Me inicié en la librería que, junto al mar, tenía don Eladio Santaella, benefactor local que además me ayudó en mis aficiones futbolísticas. Allí tenían la manía de guardar los libros en estanterías cerradas, de modo que sólo se podían ver, o intuir, a través del cristal? Eso los hacía más apetitosos. Tanto debí mirarlos a través de esos espejos benévolos que un día el librero, Manolo, a quien veo a veces corriendo por las veredas de mi pueblo, me preguntó si querría algún libro en concreto. Le dije que sí, pero que no podría comprarlo. Sacó el libro que le señalé, Javier Mariño, de Gonzalo Torrente Ballester, y me lo puso sobre el mostrador. Estaba forrado con lujo, quizá con piel repujada, y yo lo acaricié como si fuera el lomo de un animal manso. Los interiores tenían una letra destacada, lujosa, fácil de leer, como si la tocara. Debió verme Manolo tanto placer en el ejercicio de ver y tocar el libro que cada vez que iba a visitar la librería disponía ante mi ediciones que él considerara interesantes de tocar.

Pasó algún tiempo en que ya pude comprar libros, pero siempre fui a las librerías, a tocar, a leer y a comprar. Nunca he abandonado, pues, el gusto por tocar los libros, como si fuera un aprendizaje especial entre todos los que adquirí en los años en que aparece el peligro y la alegría de saber. Estos días, que ya parecen un siglo, se habla mucho del cierre de las librerías, de la ansiedad que tienen los ciudadanos confinados por volver a comprar libros, estuve hablando con Edmund de Waal, un importante escritor inglés que es, además, ceramista de muy primera fila. Como ceramista, sobre todo, ha pasado su vida pendiente del tacto de los objetos; en realidad, me decía, su vida ha estado marcada por el tacto, por hacer que la gente tocara sus obras y, sobre todo, por tocar él mismo todo aquello que le transmitiera la vida, el pensamiento, la existencia, el calor de los otros. En efecto, esta pandemia nos llevado a sentir que tocar es peligroso, y lo primero que prohibieron como contagioso fue el tacto, estar con otros demasiado cerca, alejarnos de las superficies y, sobre todo, de todo aquello que ya ha sido tocado por las manos ajenas.

Ahora las librerías están cerradas.
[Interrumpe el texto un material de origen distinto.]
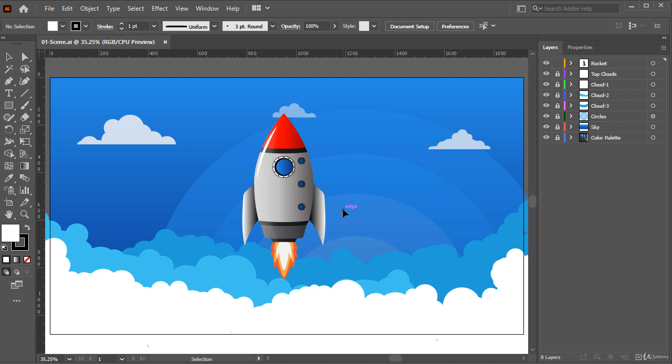Okay, in this video, I'm gonna show you how to prepare this Adobe Illustrator file to be usable in Adobe After Effects.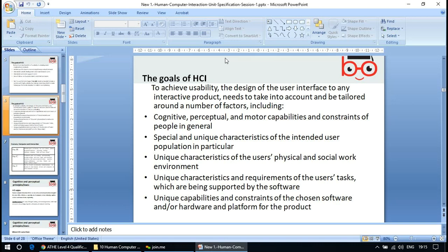The cognitive aspect is how your mind is thinking; perceptual is how you form an idea of anything. These factors also include unique characteristics of the intended user population in particular, the user's physical and social work environment, unique characteristics and requirements of user tasks being supported by the software, and unique capabilities and constraints of the chosen software and hardware platform.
Ese es un mal mayor para la cultura de leer, valga la redundancia; han buscado modos de surtir de libros a los más apasionados que los buscan por teléfono o por internet, y yo mismo he llamado a las librerías habitables para pedir que me enviaran, por taxi, algunos libros que necesitaba perentoriamente leer. Pero no es lo mismo, no hay placer mayor, para un lector habituado desde niño a tocar los libros, aunque no pudiera comprarlos, que ir a las librerías para pesarlos, para quererlos, para sentir que sus letras tenían historias escritas para mi. Rilke decía que a los libros había que amarlos, y para amarlos hay que tocarlos naciendo, y donde de veras nacen los libros es en las benditas librerías.